Dicono che Boncompagni abbia ottantatré anni. Io, personalmente, non ci credo. In barba alla carta d’identità, il Maestro che è figlio di quella Firenze ch’è faro vero di cultura (e non sue noiose contraffazioni, ma questa è un’altra storia), dirige come se avesse (almeno) vent’anni in meno. Essì che questa contabilità anagrafica è ossessione dei tempi barbari in cui siamo immersi, Boncompagni non può avere età perché (come vedremo) se la musica è assoluto, a differenza della smemorata Eos, non nega l’eterna giovinezza ai suoi amatissimi Titoni.
Ho avuto la fortuna di poter ascoltare e vedere alcune registrazioni dal vivo di lavori del Maestro. Ha totalmente stravolto l’idea che io, profano assoluto, m’ero fatto di musica. Ci sono livelli e livelli di consapevolezza – per dirlo non c’è bisogno per forza d’essere un adepto di boriosità bollite New Age – e l’opera del maestro Boncompagni staziona, stabile, a quelli più alti.

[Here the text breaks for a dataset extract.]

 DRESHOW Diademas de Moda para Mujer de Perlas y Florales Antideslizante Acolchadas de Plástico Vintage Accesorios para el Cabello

Prendete, per esempio, la nona sinfonia in do maggiore, meglio conosciuta come la Grande, di Franz Schubert. È lavoro di una complessità tecnica e musicale estrema, che già fece strabuzzare gli occhi ai musicisti austriaci dell’Ottocento. È una ricchissima poesia in musica che ha il portato sublime di mille e mille tentazioni, seduzioni, riferimenti. La sinfonia ha in sè l’afflato di ogni riverbero della grandezza e, per esser tale, deve percorrere le strade più impervie che la tecnica musicale mette a disposizione.

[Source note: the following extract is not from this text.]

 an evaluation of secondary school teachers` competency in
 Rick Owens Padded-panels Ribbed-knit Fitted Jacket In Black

Lo scorso giugno, il maestro Elio Boncompagni ha avuto l’idea ardita di dirigerla a LaVerdi di Milano. A tutti, anche ai grandissimi, affrontare questo scoglio del repertorio di Schubert mette un po’ di ansia. C’è da uscir pazzi solo per tener fede a tutto quanto il compositore volle inserire nella sua nona sinfonia. E c’è da stare in perenne ansia, perciò, durante la direzione.
E invece, per il Maestro dirigere la Grande sembra la cosa più facile del mondo. Così come gli altri giocano a palline, con l’identica semplicità, Boncompagni percorre i sentieri più impervi dell’anima e porta l’orchestra a esplorare fino in fondo un capolavoro musicale, senza scorciatoie, senza ammiccamenti, senza facili riduzioni che ridondano di cineseria. Se dovessi spiegare cos’è il concetto di talento, citerei senza alcun dubbio l’esecuzione de LaVerdi.

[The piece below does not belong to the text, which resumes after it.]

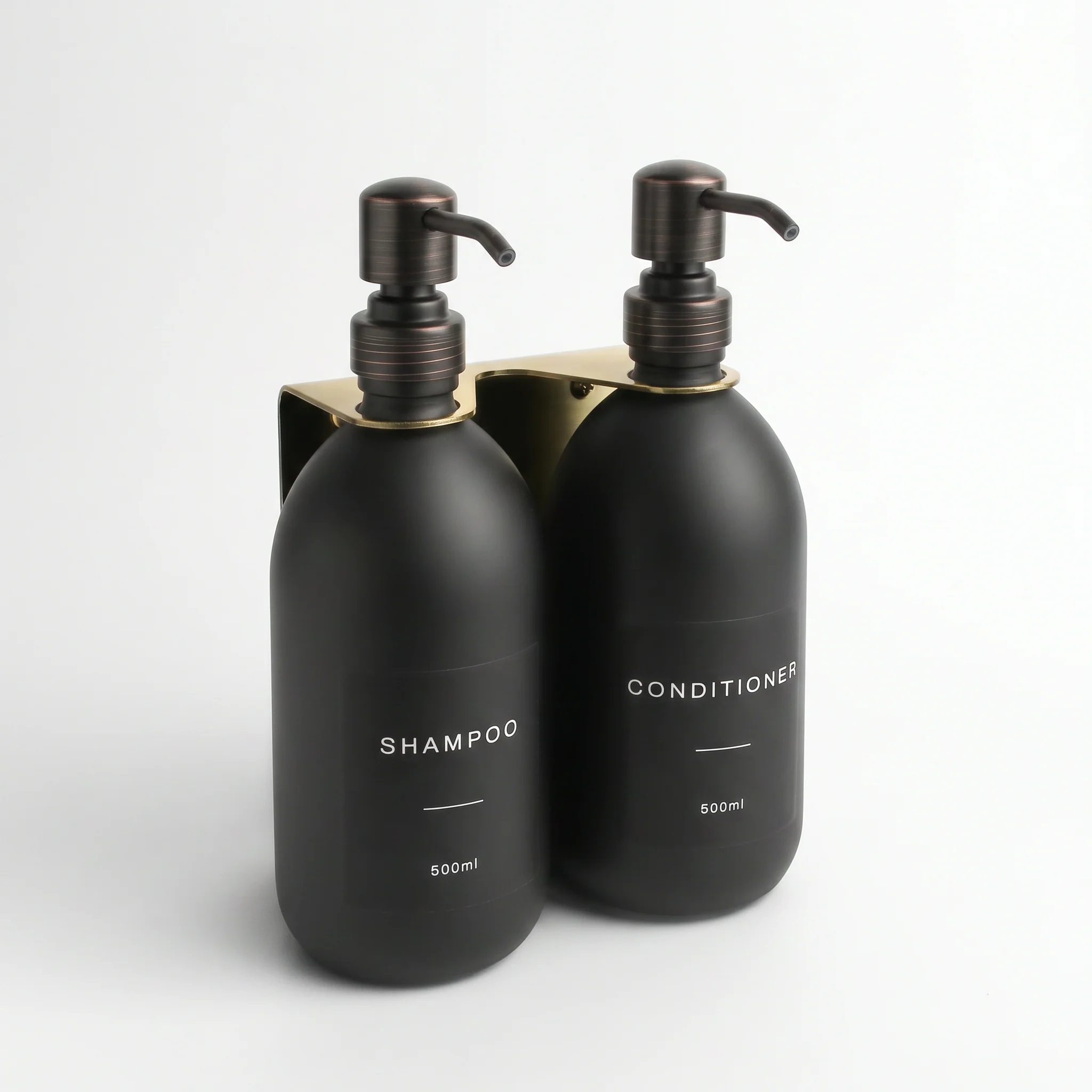 Gold Wall Bracket & Matte Black Dispenser Set - Image 36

Nazzareno Carusi, uno dei più grandi pianisti italiani contemporanei che non è meno grande quando decide di prendere la penna in mano, scrive del Maestro: “Meraviglia ideale, consapevolezza musicale, coerenza sonora, tenuta ritmica e aristocrazia d’animo e pensiero fanno di Boncompagni uno degli ultimi giganti in giro”. Sottoscrivere ogni singola parola utilizzata da Carusi è uno dei più piacevoli doveri.
Boncompagni è grande perché riassume in sè l’idea dell’innamorato fedele alla Musica, e non a caso la maiuscola. C’è un solidissimo lavoro filologico dietro ogni sua direzione, che traspare dalla chiarezza con cui le orchestre da lui guidate esprimono ogni singola nota. Il gesto del direttore è deciso, determinato, autorevole e mai autoritario. Non ha il piglio dello stregone nè quello del condottiero sanguinario, ha la calma serenità dell’artista che tutto dona alla sua amata, alla Musica che di copiosi doni lo ricambia. È il perfetto artefice che non antepone le urgenze, le contingenze, gli accidenti alla vera identità del repertorio che di volta in volta studia, analizza, interpreta fedelissimamente.
Forse è per questo, per il culto alla Musica e al lavoro, che a Boncompagni riesce facilissimo quello che a tutti gli altri risulta quantomeno ostico. E che la Musica lo riami te ne accorgi subito, da quel sorriso affascinato e soddisfatto – la maestà della ricompensa più grande per gli animi davvero nobili perché sanno amare – che mai lo abbandona quando è sul podio.